Когда через несколько дней нарядчик Пушкин зашел в наш корпус, чтобы переписать прибывших-убывших, я не удержалась и с притворным спокойствием спросила, отослал ли он уже кольцо в Латвию.
– Как же! Давно уже! – с готовностью ответил Пушкин.
– Брешешь, гадюка! – воскликнул вдруг Грицько и, бросившись на худого, тщедушного нарядчика, начал всерьез душить его. Еле отняли ходячие больные.
Целую неделю после этого я вздрагивала от всякого звука открываемой двери. Не за Грицьком ли? Но Пушкин не стал жаловаться. Может быть, с учетом собственной омерзительной роли в этом деле, а может быть, потому, что за последнее время его язва сильно обострилась. Она терзала его и отвлекала от дел внешнего мира, заставляя все время прислушиваться к тому, что происходило у него внутри.
С наступлением зимы мы начали сильно страдать от холода. Туберкулезный корпус еще больше, чем Тасканская больница, продувался всеми ветрами, а дров нам давали совсем мало. Почему-то дрова в тайге были остродефицитны. Их давали в главные корпуса – хирургию и терапию. Нас же разумно считали сегодняшними или завтрашними покойниками, которым холод повредить никак не может.

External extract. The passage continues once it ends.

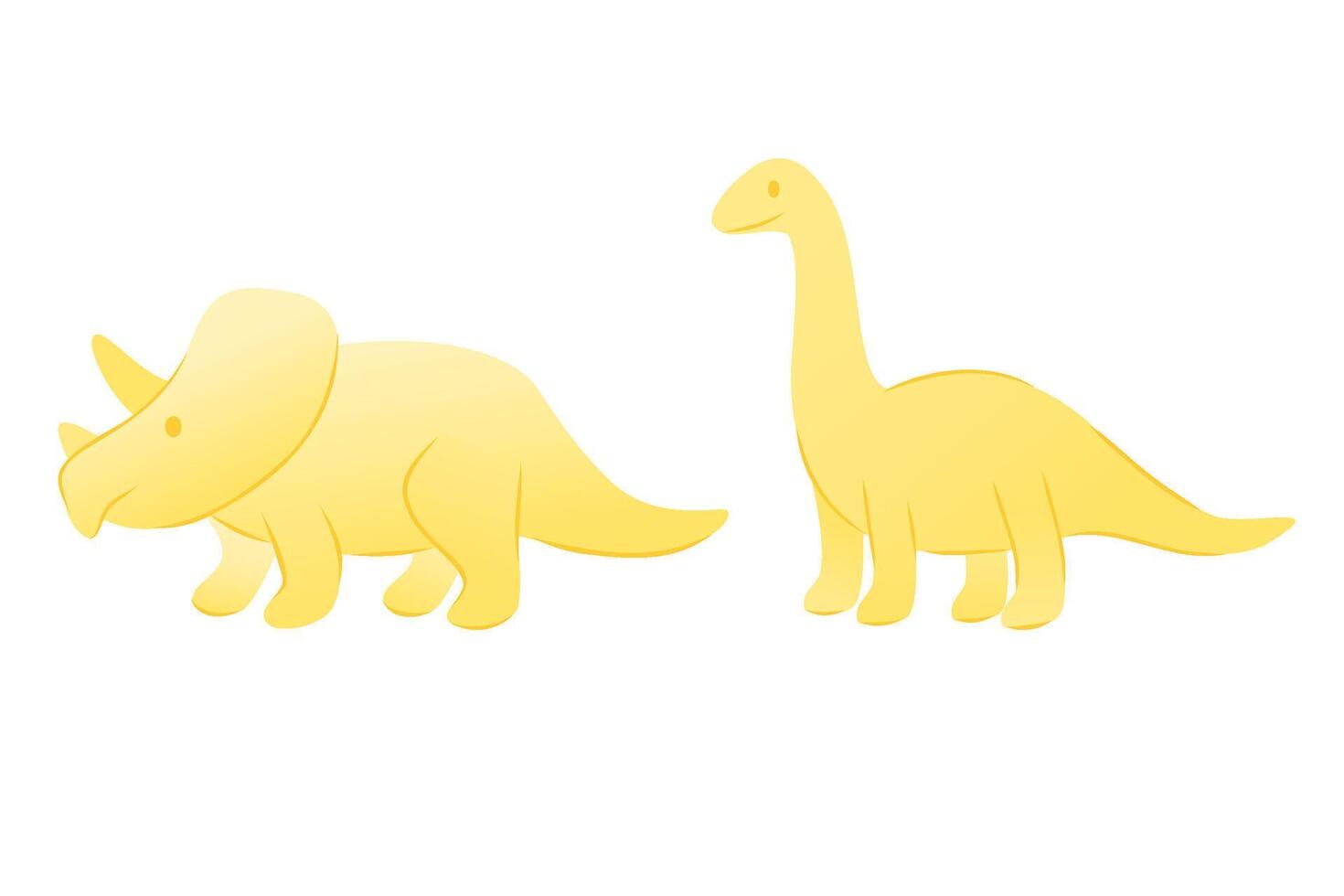 Two cartoon dinosaurs, a yellow triceratops and a yellow brontosaurus, standing side by side. Simple and playful design, suitable for children's themes. vector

Но мы сорганизовались на защиту своих больных и самих себя. Под руководством старшего санитара – бывшего бухгалтера – действовало левое обменное бюро. Какие-то бродяги и прохвосты по ночам осторожно сгружали у задней стены нашего барака явно ворованные баланы и баклажки, унося взамен мешки с сухим хлебом и ведра с остатками баланды. Ранними утрами, до обхода, в полной темноте, мы с Грицьком распиливали дровишки и складывали их в секретное место.
О голоде при здешней усиленной пайке не могло быть и речи. К тому же время от времени я получала с оказией передачки от Антона. Так что, казалось бы, все шло терпимо, тем более что до конца моего десятилетнего срока оставался (если верить приговору!) уже вполне обозримый отрезок – полтора года. Но несмотря на все это, именно здесь, на Беличьем, на меня часто находили приступы необоримой тоски.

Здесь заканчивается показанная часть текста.